Top of Given data

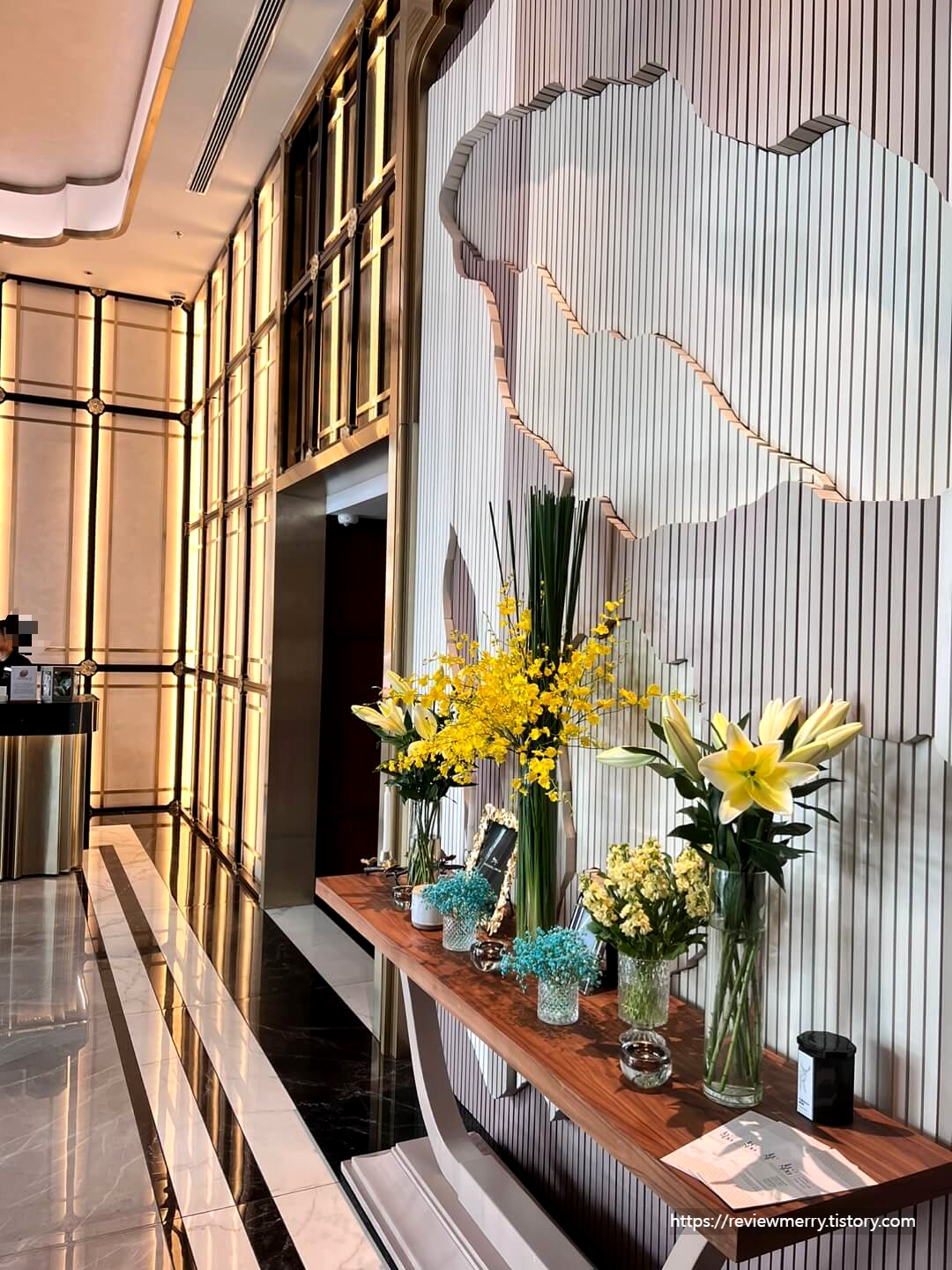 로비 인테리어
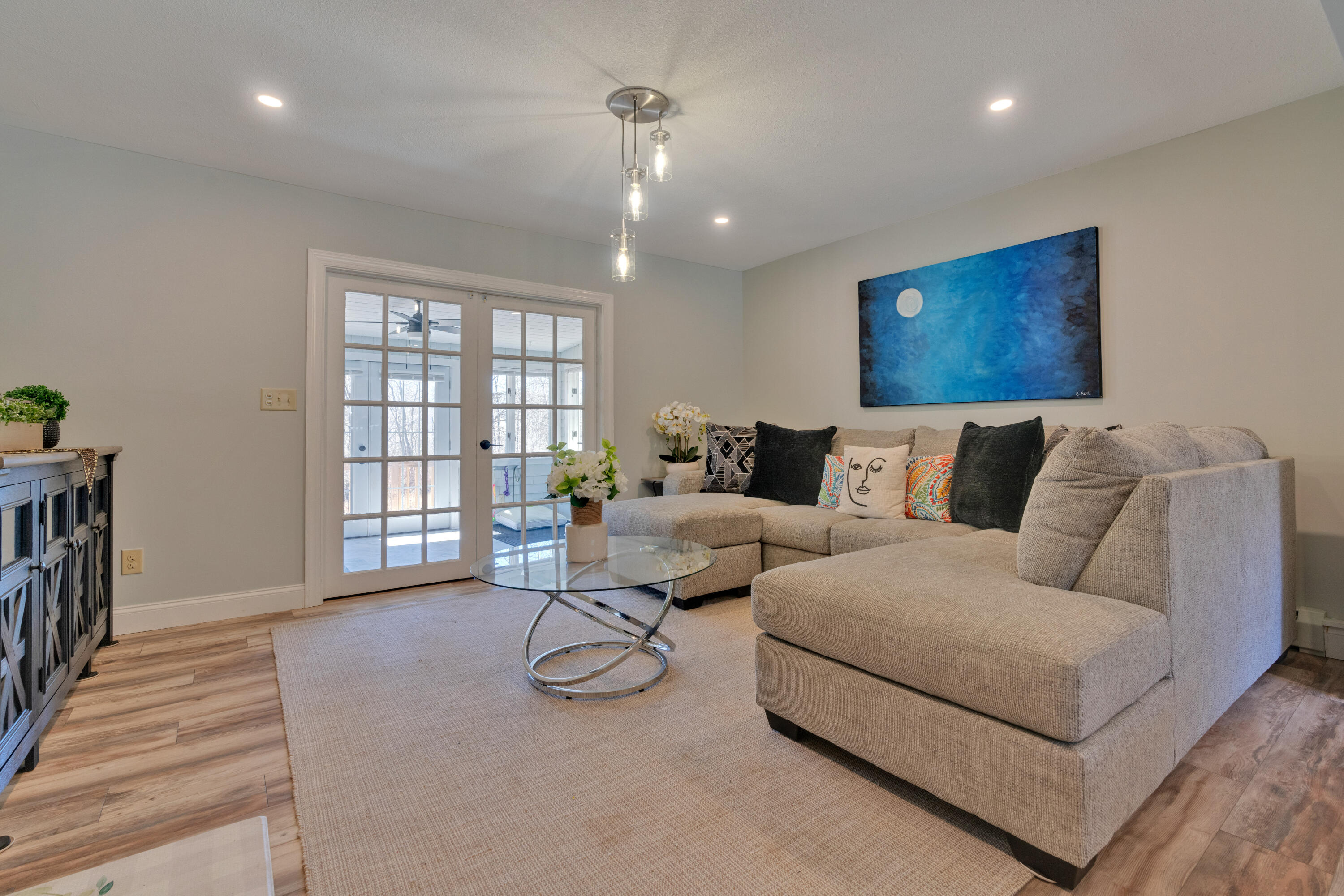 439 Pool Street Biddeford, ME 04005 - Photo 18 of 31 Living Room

Bottom of Given data
Top of Given data

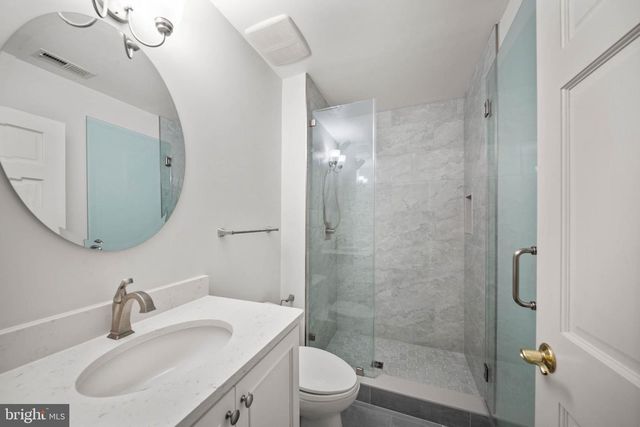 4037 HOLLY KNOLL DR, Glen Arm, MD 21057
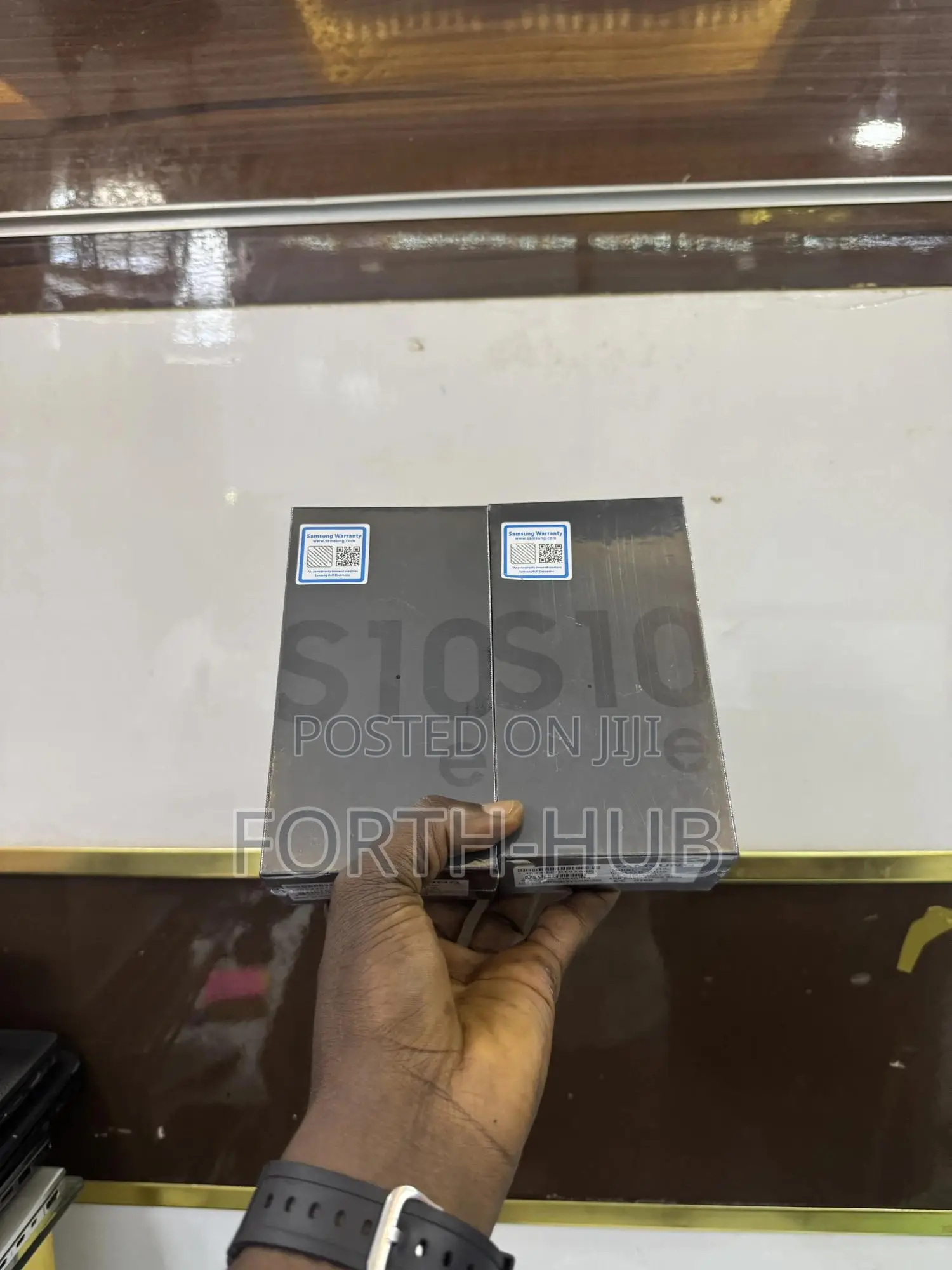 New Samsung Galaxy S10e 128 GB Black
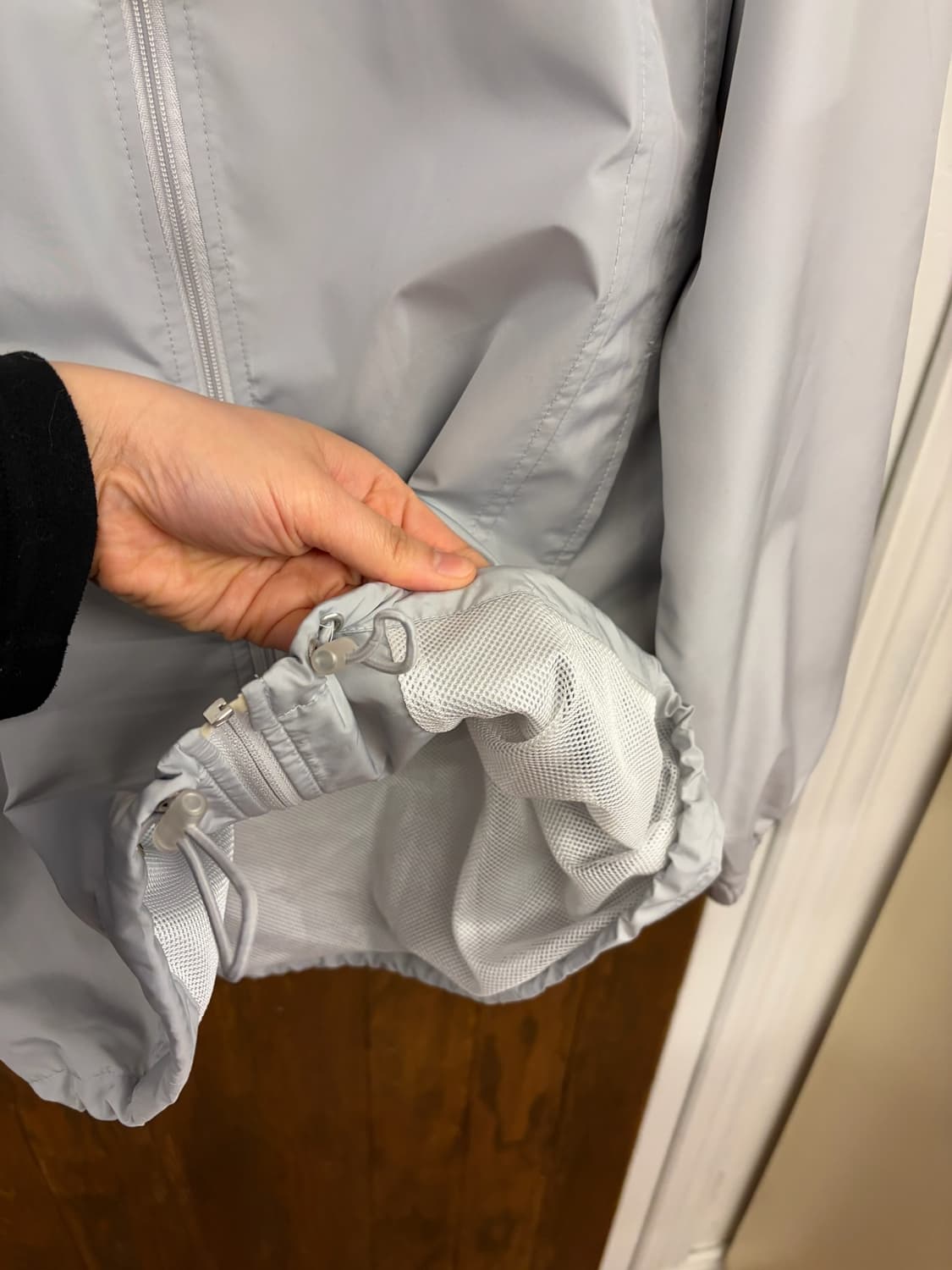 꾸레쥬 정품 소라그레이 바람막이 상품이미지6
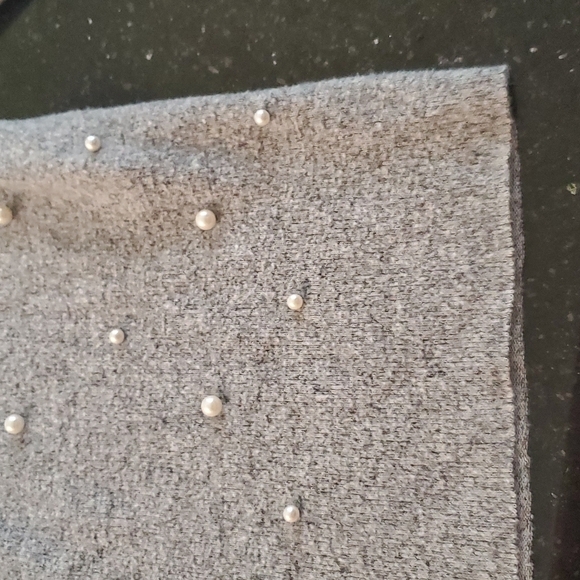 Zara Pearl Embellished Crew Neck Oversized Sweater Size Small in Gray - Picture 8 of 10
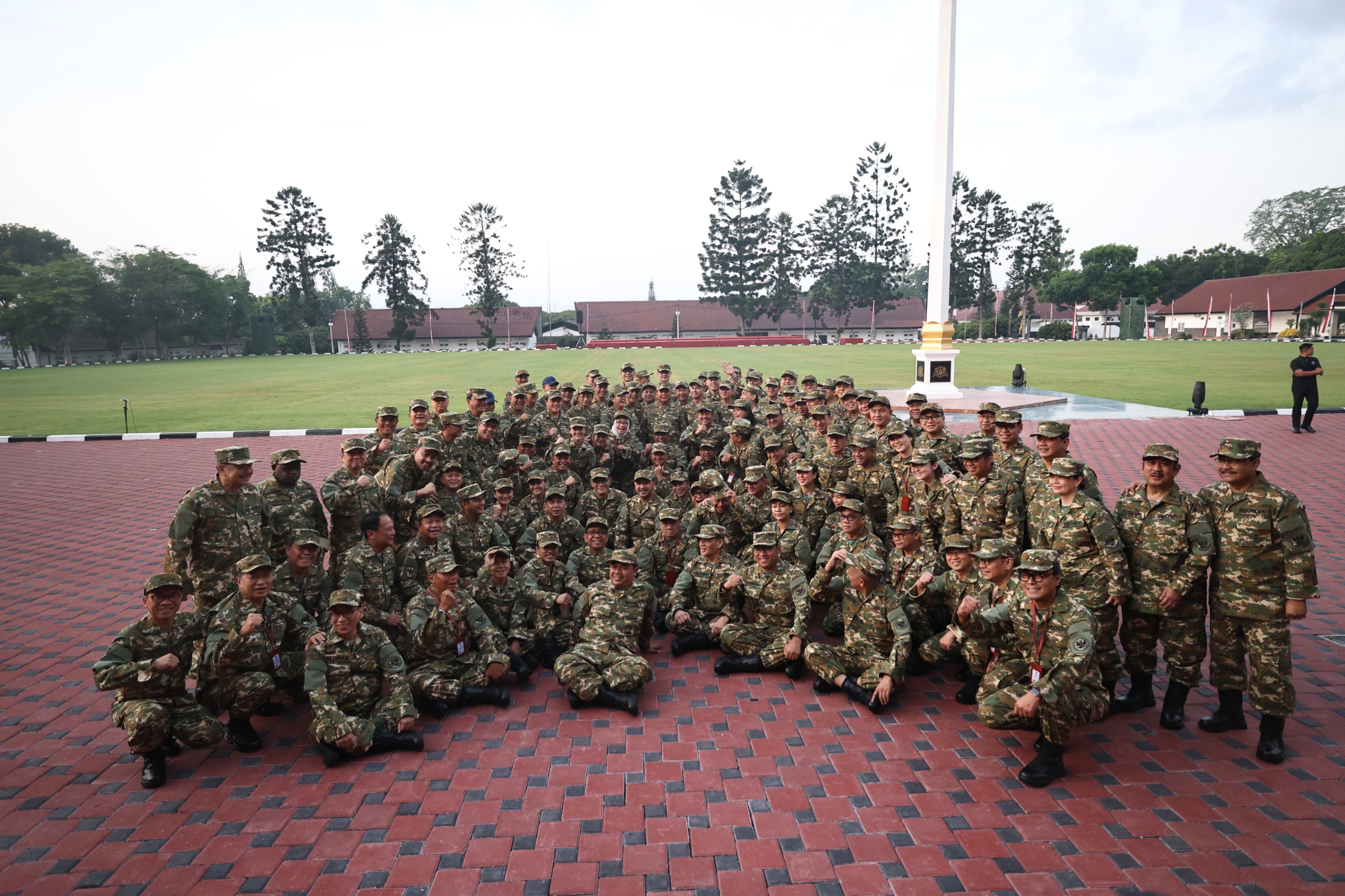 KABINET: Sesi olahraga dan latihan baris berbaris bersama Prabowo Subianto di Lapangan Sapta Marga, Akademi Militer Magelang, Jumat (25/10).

Bottom of Given data

**The problem**.
Although the records above contain pictures, the copy must not; set down exactly the lines from the one with "New Samsung Galaxy S10e 128 GB Black" up to and including the one with "KABINET: Sesi olahraga".

**Response to this task**.
 New Samsung Galaxy S10e 128 GB Black
 꾸레쥬 정품 소라그레이 바람막이 상품이미지6
 Zara Pearl Embellished Crew Neck Oversized Sweater Size Small in Gray - Picture 8 of 10
 KABINET: Sesi olahraga dan latihan baris berbaris bersama Prabowo Subianto di Lapangan Sapta Marga, Akademi Militer Magelang, Jumat (25/10).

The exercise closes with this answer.